Ein Hochbeet wäre schön. Aber ist es zu groß?

Mittagszeit. Mit seiner Lieblingsschere schneidet er in einem seiner selbstgebauten Hochbeete (Kiste auf Klappstuhl) großblättrigen Rucola ab. "Ein Wunder: Kaum ist man in der Küche angekommen, könnte man draußen schon wieder neu ernten", sagt Kosslick und grinst verschmitzt. In der Küche wäscht er seine Beute vorsichtig und legt sie auf ein Handtuch zum Trocknen. Die zartgrünen Blätter sollen nicht knicken, bevor sie gegessen werden.
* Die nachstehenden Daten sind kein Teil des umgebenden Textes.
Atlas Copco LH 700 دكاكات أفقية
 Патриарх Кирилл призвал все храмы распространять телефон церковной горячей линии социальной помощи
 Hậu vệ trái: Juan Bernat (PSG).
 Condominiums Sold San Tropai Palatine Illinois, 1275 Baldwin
Und die Schnecke, wie hält es Tierfreund und Vegetarier Kosslick damit? "Es soll ja Sadisten geben, die Schnecken mit dem Spaten in der Mitte durchhauen." Er selbst hat in diesem Jahr keine Probleme, aber Bierfallen hatte er auch schon mal aufgestellt. "Wenn, dann lieber betrunken sterben."

Wer keinen festen Plan hat, kann sich jedes Jahr über einen Garten freuen, der immer ein bisschen anders aussieht. An Ideen mangelt es Kosslick aber nicht. In der nächsten Saison will er wieder Stangenbohnen haben und ein richtiges Hochbeet, was man da alles anpflanzen könnte. Nur: "Ich habe viele Ideen, doch bis ich sie umsetze, kann es dauern." Vor allem darf ein Hochbeet nicht zu groß werden, sorgt er sich, so eine Kiste sei schon ein Statement. Mit zwei Umzugskartons will er bald ausprobieren, wie das aussähe. Ein erstes Stück für sein Projekt hat er bereits in einer Ecke liegen: einen Haufen Reißig als Befüllung.
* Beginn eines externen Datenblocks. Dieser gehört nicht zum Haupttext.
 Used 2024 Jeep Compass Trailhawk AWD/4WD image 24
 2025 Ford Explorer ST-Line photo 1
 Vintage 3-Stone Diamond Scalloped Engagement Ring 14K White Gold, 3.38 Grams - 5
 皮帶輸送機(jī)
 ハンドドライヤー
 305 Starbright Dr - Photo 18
Kosslicks Lust am Gärtnern ist seit Jahren ungebrochen. "Weil mein Garten so klein ist, erhält mir das auch den Spaß daran." Ein Pflanzwunsch bleibt dennoch in weiter Ferne, er träumt von einem der "schönsten Bäume, die es gibt", mit herrlich ungewöhnlichen Früchten und Blättern, die erst grün, dann rot werden: dem Essigbaum. Einen Platz dafür hätte er, der Baum würde sich sogar auf dem Berliner Boden wohlfühlen (das weiß er, weil der Nachbar einen hat), aber was für ein Jammer: "Ich kann absolut nichts essen, wo auch nur ein Spritzer Essig dran ist. Schon das Wort in meiner Nähe geht gar nicht."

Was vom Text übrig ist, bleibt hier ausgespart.